Enter Edward Jenner, a young English surgeon, in 1794. Living in a rural community,
Jenner noticed that milkmaids almost never got smallpox. However, virtually all milkmaids
did get cowpox, a disease that caused mild blistering on their hands. Jenner theorized that
cowpox must be in the same family as smallpox and that getting mild cowpox was like ingrafting and made a person immune to the deadly smallpox.
He tested his theory by injecting 20 children with liquid taken from the blisters of a
milkmaid with cowpox. Each infected child got cowpox. Painful blisters formed on their
hands and arms, lasting several days.
Two months later, Jenner injected live smallpox into each of his test children. If Jenner’s theory was wrong, many of these children would die. However, none of his test children showed any sign of smallpox.
Jenner invented the word “vaccination” to describe his process when he announced his
results in 1798. Vacca is the Latin word for cow; vaccinia is Latin for cowpox.

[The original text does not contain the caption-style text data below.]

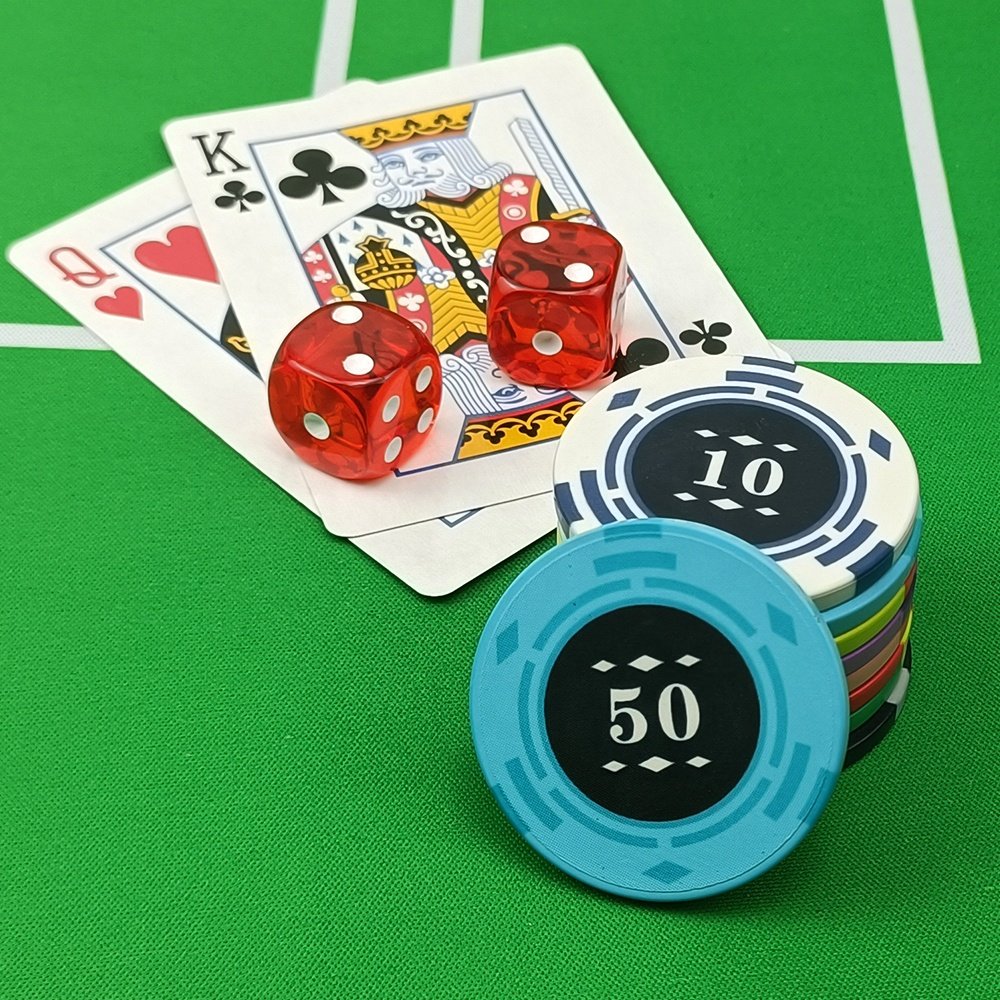 Kaile new design 39mm ceramic poker chips 10g with different value and custom logo as your request for casino table games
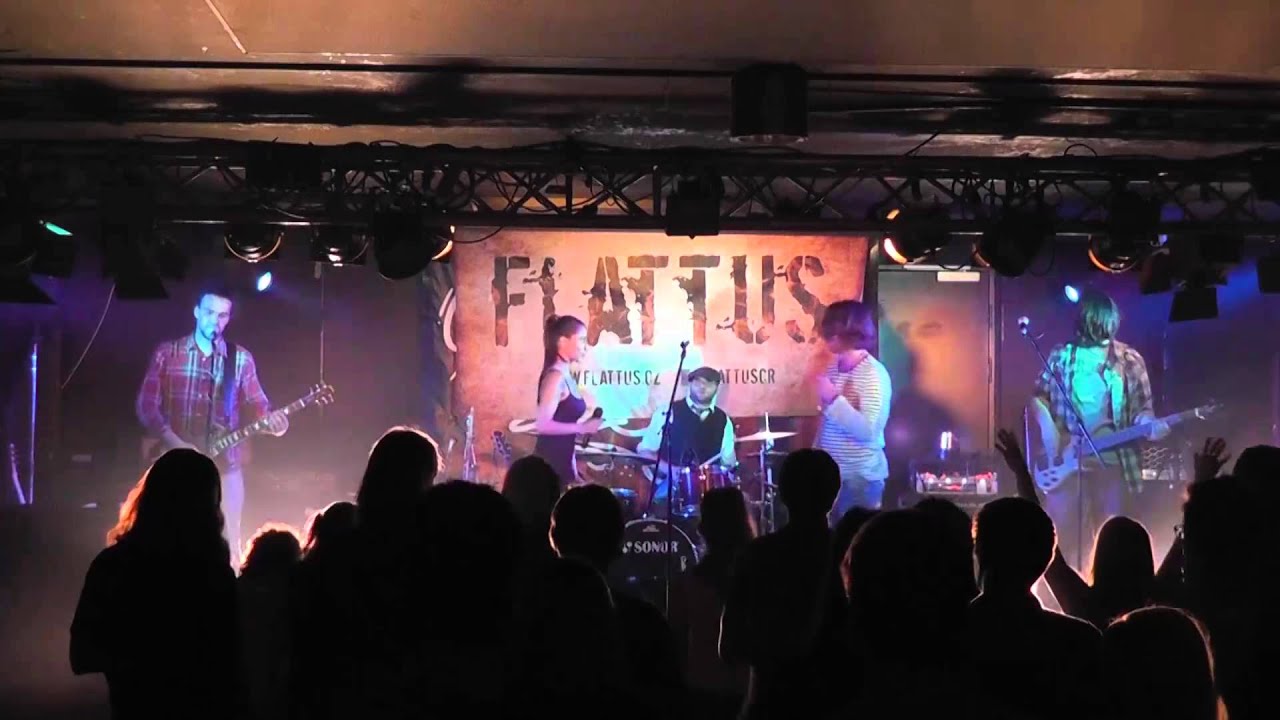 Flattus ft. Eva Bure&scaron;ov&aacute; - Hoř&iacute;&scaron; (live 2015)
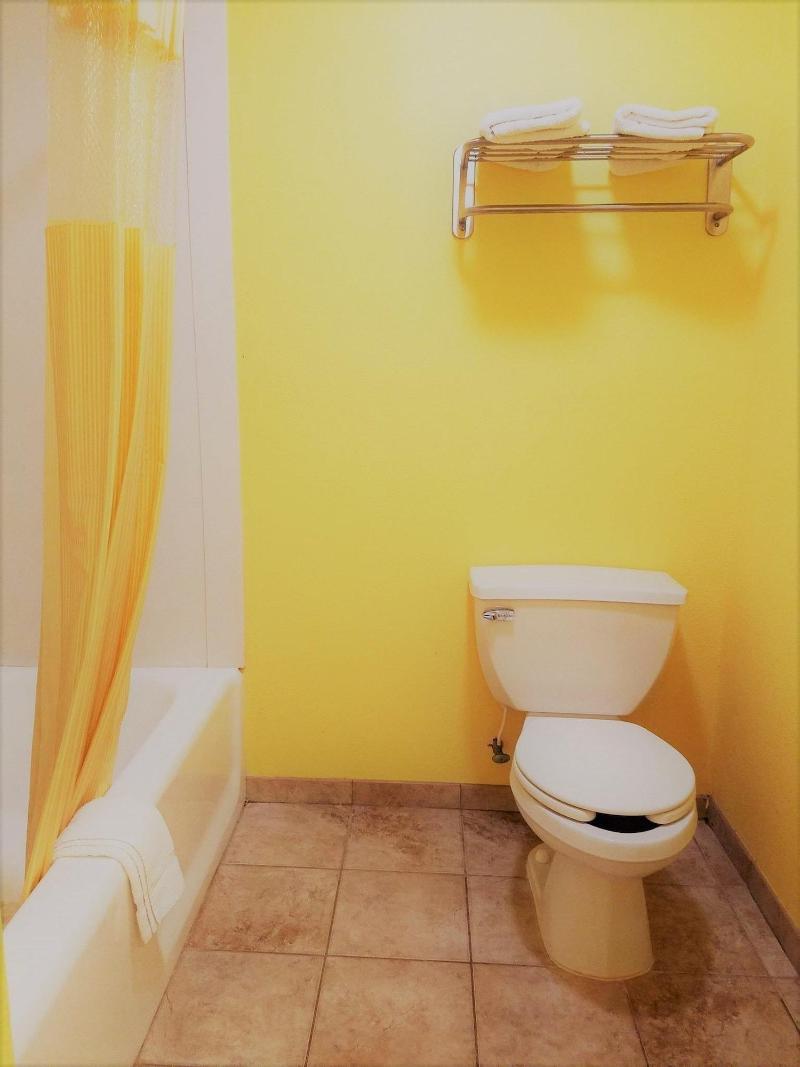 Roadway Inn image 8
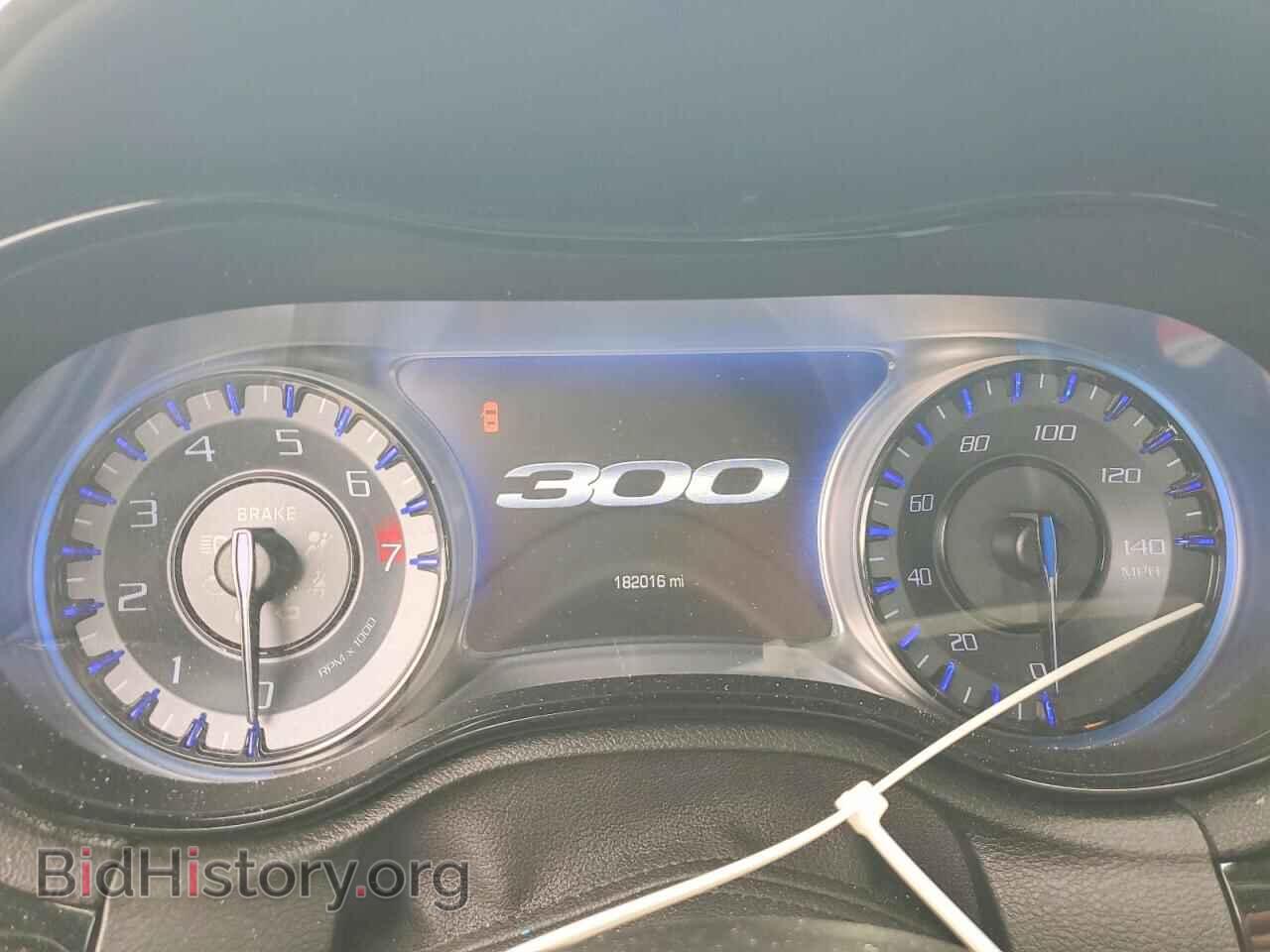 2019 CHRYSLER 300 - VIN: 2C3CCAGG4KH648912 - Фото 9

Fun Facts: The World Health Organization declared smallpox eradicated in 1979, and the President George H. Bush said that since then authorities have not detected a single natural case of the disease in the
world.
More to Explore
Asimov, Isaac. Asimov’s Chronology of Science and Discovery. New York: Harper &
Row, 1989.
Clark, Donald. Encyclopedia of Great Inventors and Discoveries. London: Marshall
Cavendish Books, 1993.
Dyson, James. A History of Great Inventions. New York: Carroll & Graf Publishers,
2001.
Haven, Kendall, and Donna Clark. 100 Most Popular Scientists for Young Adults.
Englewood, CO: Libraries Unlimited, 1999.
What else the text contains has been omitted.